Strategic Partnerships with Shared Risk Management

Strategic Partnerships with Shared Risk Management

Guest Post by Patrick Ow (first posted on CERM ® RISK INSIGHTS – reposted here with permission)

Strategic alliances are a vital tool to driving growth by enabling access to external capabilities. They are collaborations, partnerships, or joint ventures whereby organisations, or partners, work together for a common purpose to achieve a common business benefit or purpose.

As much as strategic alliances are an important tool to drive growth and deliver needed capabilities, they are not without their challenges and risks.

More than a decade and a half of data from Alliance Best Practice, a UK-based research and benchmarking firm, show that 40 per cent of alliances fail to comprehensively address the commercial, strategic, operational, cultural, and technical leading practices that together contribute to the success of such efforts.

Benchmarking data on the most common ways in which alliances fail to embrace specific leading practices show persistent management shortfalls, as shown below:

bar chart showing proportion of alliances that fail to adhere to best practices

Risk in collaborations are higher

Collaborations are inherently riskier than other activities undertaken by an organisation. This may be true because of each partner:

  1. Exercises little control, influence, or authority over the actions of other partners.
  2. May pursue different and sometimes conflicting intent, interests, and objectives.
  3. Does not know each other very well or may not have worked with each other in the past.

Most organisations are not designed for collaboration

Executives do not appreciate what collaboration truly entails. They assume that their existing processes, infrastructure, and management practices are suitable for collaboration with an external partner.

There are three critical mistakes in collaborative endeavours:

  1. Organisations do not consider the strategic role of collaborations.
  2. Organisations do not organise effectively for alliances, internally and externally.
  3. Organisations do not make long-term investments to develop collaborative and relationship capabilities and capacities.

The idea of shared risk is foreign to many

The idea of ‘sharing’ risks or working on common or systemic risks with other organisations, even in the context of collaboration, can be very unfamiliar territory for many executives.

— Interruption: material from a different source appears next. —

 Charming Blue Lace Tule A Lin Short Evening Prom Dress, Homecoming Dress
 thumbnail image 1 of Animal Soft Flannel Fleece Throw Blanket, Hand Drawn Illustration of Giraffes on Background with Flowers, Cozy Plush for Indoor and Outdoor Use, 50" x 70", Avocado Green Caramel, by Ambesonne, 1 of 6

Shared risks in collaboration are generally defined within the individual operations of each organisation. These risks were not ‘shared’ but ‘divided’ amongst partners in very specific ways – for example, in terms of the role, function, or service.

The risk management approaches and systems used by partners in collaborations have been based on business models that have failed to address shared, or systemic or whole of industry risks. They reinforce blame avoidance and risk shifting to weaker partners, thus reducing incentives for collaborative and integrated service provisioning.

Implementing shared risk management in collaborations

The relationship between partners is an important aspect regarding shared risk management that identifies and manages shared risks and inter-organisational risks.

Risk management must be performed by all partnering organisations continuously to achieve their strategic objectives and collaboration goals, all within acceptable levels of performance, risk, and tolerance. It can be performed jointly when risk affects two or more partners in the collaboration.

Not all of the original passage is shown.